Sadly your paint code just points us in the direction of what it was on the day it was painted, thats all. Doesn’t take into consideration how old the car is, if it’s been in the sun and faded, if it’s been polished correctly and even worse if someone has attacked it with a spray gun before.
Then there’s more…. Who made the paint?? PPG? Octoral? Mipa? Standox? Glasurite? And then which variant of shade? Because each will have anything from 3-9 colour variants so just those above companies could have up to 30 different variants for one colour, and let’s think VW use over 200 colours, think of all those shades 🥹
But not all is bad news. We have colour scanners now that give more accurate paint matching, which is good most of the time, but only if some bellend from chips away hasn’t been near it after doing a 3 day course in a van.
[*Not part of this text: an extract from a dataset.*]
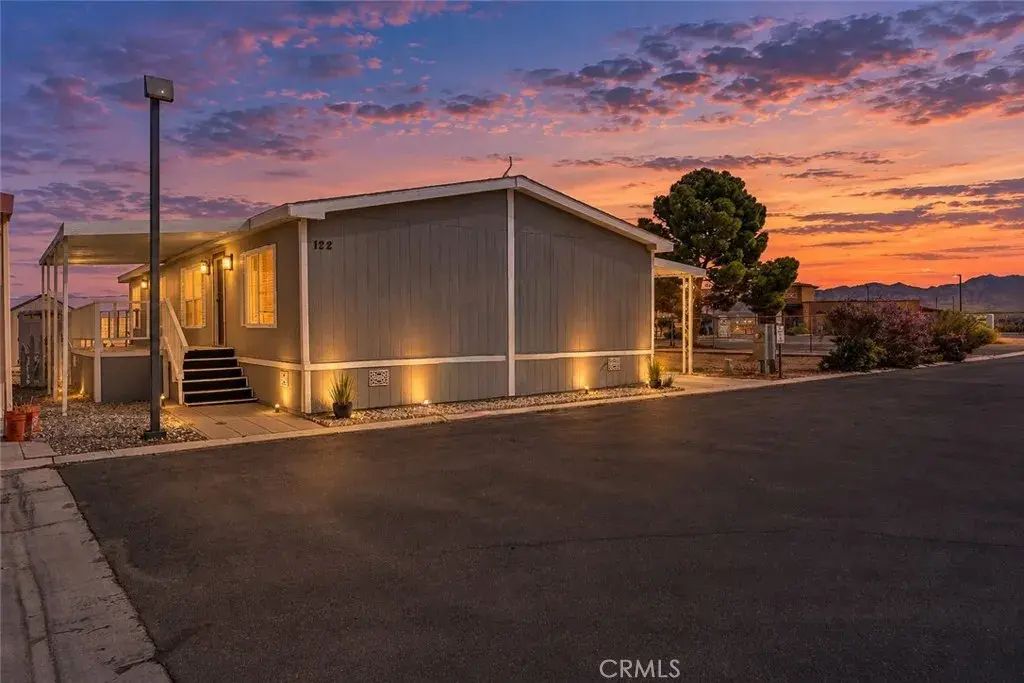 20843 Waalew, Apple Valley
Well think we I had a nasty colour. Was scanned by 3 different machines, mixed in 3 different paint schemes and guess what, still couldn’t get a match, on a vertically brand new car. Shocking.
Luckily I know someone that has the knowledge but mainly a really good paint system that helped me out to get a match and get a car painted and out. And to think, brand new car should only have one shade, well look for yourself 8 of the 11 spray out cards to get one match. Soooo if you hear the sentence “that colour was a little hard to match” feel that guys pain.